▶ TASK: Restate, word for word and with no pictures, the stretch of lines in the data below that begins at the line with "1,舌头表面有一层薄薄的白色舌苔时,表示没什么疾病,身体基本处于健康" and ends at the line with "Cortex 1 pic", inclusive.

▶ PROVIDED RECORDS:
= = =

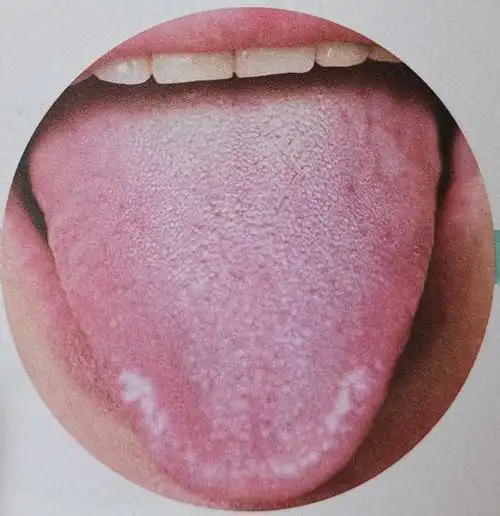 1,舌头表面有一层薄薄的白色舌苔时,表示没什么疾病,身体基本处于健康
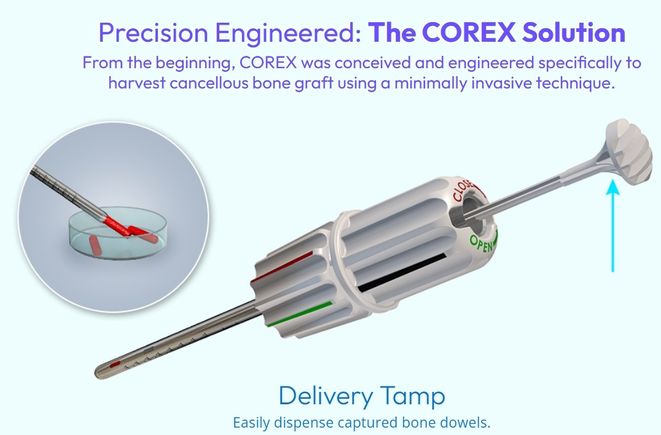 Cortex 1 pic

= = =

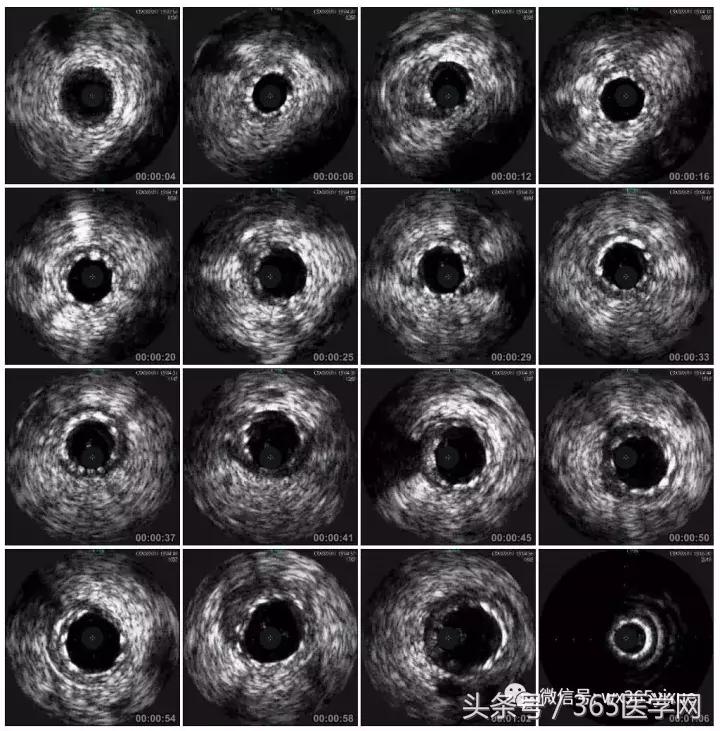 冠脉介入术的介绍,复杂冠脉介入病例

= = =

▶ RESULT:
 1,舌头表面有一层薄薄的白色舌苔时,表示没什么疾病,身体基本处于健康
 Cortex 1 pic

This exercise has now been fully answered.